The Canadian Obligations shall be guaranteed pursuant to the Canadian Guarantee and US Guarantee. The Canadian Obligations shall be secured pursuant to the Canadian Pledge Agreement-Canadian Grantors, the Canadian Pledge Agreement - US Obligations, the US Pledge Agreement, the Canadian Security Agreement, the Deed of Hypothec, the US Security Agreement and the other Canadian Security Documents on a first lien basis subject to the Intercreditor Agreement and the Revolving Loan Intercreditor Agreement.
Notwithstanding anything herein to the contrary, the 2016 Lender acknowledges that the lien and security interest granted to the 2016 Lender pursuant to the Note Documents and the existence of any right or remedy by the 2016 Lender thereunder are subject to the provisions of the Intercreditor Agreements. In the event of a conflict between the terms of the Intercreditor Agreements and any Note Document, the terms of the applicable Intercreditor Agreement shall govern and control.

7.
Reimbursement for Out-of-Pocket Costs; Indemnification
Subject to Section 5.4, Borrowers will pay on demand (a) all documented out-of-pocket costs (including reasonable and documented costs, fees and disbursements of counsel to 2016 Lender) incurred by 2016 Lender in connection with the negotiation of the terms of this Note and (b) all reasonable and documented out-of-pocket costs incurred by 2016 Lender in enforcing the obligations evidenced by this Note, including all attorneys’ fees, whether or not a civil action or similar proceeding (including claims and adversary proceedings in the bankruptcy court) is commenced or pursued to judgment or an appeal thereof is filed or pursued to completion.
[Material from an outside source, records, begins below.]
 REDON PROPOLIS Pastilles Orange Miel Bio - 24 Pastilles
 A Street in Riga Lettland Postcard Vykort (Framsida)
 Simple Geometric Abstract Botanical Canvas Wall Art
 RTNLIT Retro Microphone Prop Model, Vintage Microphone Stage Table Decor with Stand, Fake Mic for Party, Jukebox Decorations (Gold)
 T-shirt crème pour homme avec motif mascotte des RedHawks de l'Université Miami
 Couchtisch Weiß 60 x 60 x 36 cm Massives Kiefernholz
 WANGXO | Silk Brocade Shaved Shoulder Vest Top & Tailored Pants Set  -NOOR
Interest will accrue on the unpaid balance of such costs at the default rate from the 5th day following the demand until such costs are paid.
Section 13.5 of the Existing Credit Agreement is hereby incorporated herein and deemed made by Holdings, Company and Borrowers, mutatis mutandis, for the benefit of the 2016 Lender on the date hereof.
8.
Holdings, Company and Borrowers’ Representations and Warranties
Each of Holdings, Company and Borrowers acknowledges and agrees that, by this reference, the representations and warranties contained in Section 8 of the Existing Credit Agreement are hereby incorporated herein and deemed made by Holdings, Company and Borrowers, mutatis mutandis, for the benefit of the 2016 Lender on the date hereof.
Additionally, each of Holdings, Company and Borrowers make the following representations and warranties to, and agreements with, the 2016 Lender:





(a)    Each of Holdings, Company and Borrowers has the corporate power and authority to execute and deliver this Note and to perform the terms and conditions hereof and has taken all necessary action to authorize the execution and delivery of this Note.
(b)    This Note, when executed and delivered by a duly authorized officer of each of Holdings, Company and Borrowers, will constitute the legal, valid and binding obligation of each of Holdings, Company and Borrowers enforceable in accordance with its terms, subject to the effects of bankruptcy, insolvency, fraudulent conveyance, reorganization and other similar laws relating to or affecting creditors’ rights generally and general principles of equity (whether considered in a proceeding in equity or law).
(c)    The execution and delivery of this Note and the performance of the transactions contemplated herein, in accordance with the terms and conditions hereof, will not:
(i)    violate any provision of any Organizational Documents of each of Holdings, Company and Borrowers;
(ii)    contravene any existing provision of any material Applicable Law of any Governmental Authority; or
(iii)    conflict or be inconsistent with, or result in any breach or violation of, any term, covenant, condition or provision of, or constitute a default under, or result in the creation or imposition of any lien, security interest, charge or encumbrance upon any of the property or assets of each of Holdings, Company and Borrowers pursuant to the terms of any contractual restriction or undertaking under any indenture, mortgage, deed of trust, agreement or other instrument to which any of Holdings, Company or the Borrowers is a party or by which any of Holdings, Company or the Borrowers or any of their assets may be bound, except to the extent that any such conflict, breach, contravention, default, creation or imposition could not reasonably be expected to result in a Material Adverse Effect.
(d)    No event which constitutes or would constitute, with the giving of notice or lapse of time, or both, an Event of Default has occurred and is continuing.
9.
Covenants
9.1    General. Each of Holdings, Company and each Borrower acknowledges and agrees that, by this reference, the affirmative and negative covenants contained in Section 9 and 10, respectively, of the Existing Credit Agreement are hereby incorporated herein, mutatis mutandis, and each of Holdings, Company and each Borrower agrees to be bound thereby, as if fully set forth herein; provided, that to the extent any provision so incorporated includes a right to consent, notice to or waiver by any Person other than the 2016 Lender or an Obligor, the 2016 Lender shall be deemed to be the applicable Person.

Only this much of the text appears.